II. Technology and Patent(s)-in-Suit Analysis

II.A. U.S. Patent No. 7,812,505 - "Piezoelectric Microspeaker Using Microelectromechanical Systems and Method of Manufacturing the Same," issued October 12, 2010 (’505 Patent)

The Invention Explained

  • Problem Addressed: The patent's background section notes that conventional MEMS transducers can suffer from poor performance, such as low output for speakers, due to residual tensile stress in the device's diaphragm. It also identifies a problem where a plurality of resonance frequencies fall within the audible frequency band, creating undesirable noise. (’505 Patent, col. 1:36-43).
  • The Patented Solution: The invention describes a piezoelectric microspeaker that incorporates a "resonance change unit," which is a patterned structure on the diaphragm assembly. (’505 Patent, Abstract).
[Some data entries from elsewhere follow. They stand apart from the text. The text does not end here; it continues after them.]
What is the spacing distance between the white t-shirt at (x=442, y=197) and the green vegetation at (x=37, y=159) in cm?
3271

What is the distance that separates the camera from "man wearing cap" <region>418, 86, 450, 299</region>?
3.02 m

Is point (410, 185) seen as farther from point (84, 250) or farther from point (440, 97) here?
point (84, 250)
This unit, described in the specification as a "protrusion structure," is designed to vary the stiffness and mass of the diaphragm to shift its resonance frequency from the audible band to an inaudible one, thereby improving sound quality and uniformity. (’505 Patent, col. 2:9-16; col. 6:21-30).
  • Technical Importance: This design aimed to improve the acoustic performance of miniaturized speakers by mitigating unwanted noise from resonance, a key challenge in shrinking acoustic components, while using manufacturing techniques intended to lower production costs. (’505 Patent, col. 1:47-50).

Key Claims at a Glance

  • The complaint asserts independent claim 1. (Compl. ¶23).
  • The essential elements of claim 1 are:
    • A piezoelectric microspeaker using microelectromechanical systems (MEMS), comprising:
    • a piezoelectric layer disposed on an elastic thin layer; and
    • a resonance change unit patterned on one of a bottom surface of the elastic thin layer and a top surface of the piezoelectric layer.
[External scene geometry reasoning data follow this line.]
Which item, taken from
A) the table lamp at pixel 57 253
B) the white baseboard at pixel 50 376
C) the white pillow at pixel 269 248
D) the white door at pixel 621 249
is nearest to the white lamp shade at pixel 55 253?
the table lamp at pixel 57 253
II.B. U.S. Patent No. 8,114,697 - "Piezoelectric Microphone, Speaker, Microphone-Speaker Integrated Device and Manufacturing Method Thereof," issued February 14, 2012 (’697 Patent)

The Invention Explained

  • Problem Addressed: The patent identifies that piezoelectric acoustic transducers often have performance limitations, such as low sensitivity in microphones and low output in speakers, which can be attributed to tensile residual strain in the device’s vibration plate. (’697 Patent, col. 1:37-43).
  • The Patented Solution: For a piezoelectric speaker, the patent proposes a "differentially etched" structure where the piezoelectric plate has two distinct regions: a thicker central "piezoelectric strain region" where the driving electrode is located, and a thinner "vibration region" at the outer circumference. (’697 Patent, Abstract; col. 2:8-17). The thinner outer region is more flexible and vibrates more readily in response to the strain generated in the central region, which is intended to improve the overall acoustic output of the speaker. (’697 Patent, col. 6:30-36).
  • Technical Importance: This differential thickness design sought to enhance speaker output by engineering a more flexible vibrating structure without reducing the size of the active piezoelectric area, addressing a fundamental trade-off in MEMS transducer design. (’697 Patent, col. 6:37-43).

Key Claims at a Glance

  • The complaint asserts infringement of what it identifies as "claim 1." (Compl. ¶42, ¶43). However, the language quoted in the complaint corresponds to claim 10 of the ’697 Patent. Claim 1 of the patent is a method claim for manufacturing a microphone.
  • The essential elements of claim 10 (quoted in Compl. ¶43) are:
    • A piezoelectric speaker comprising: a silicon substrate;
    • an insulating layer provided over the silicon substrate;
    • a piezoelectric plate provided over the insulating layer, the piezoelectric plate including a piezoelectric strain region and a vibration region; and
    • a mating electrode provided in the piezoelectric strain region of the piezoelectric plate,
    • wherein the piezoelectric plate is thinner in the vibration region than in the piezoelectric strain region.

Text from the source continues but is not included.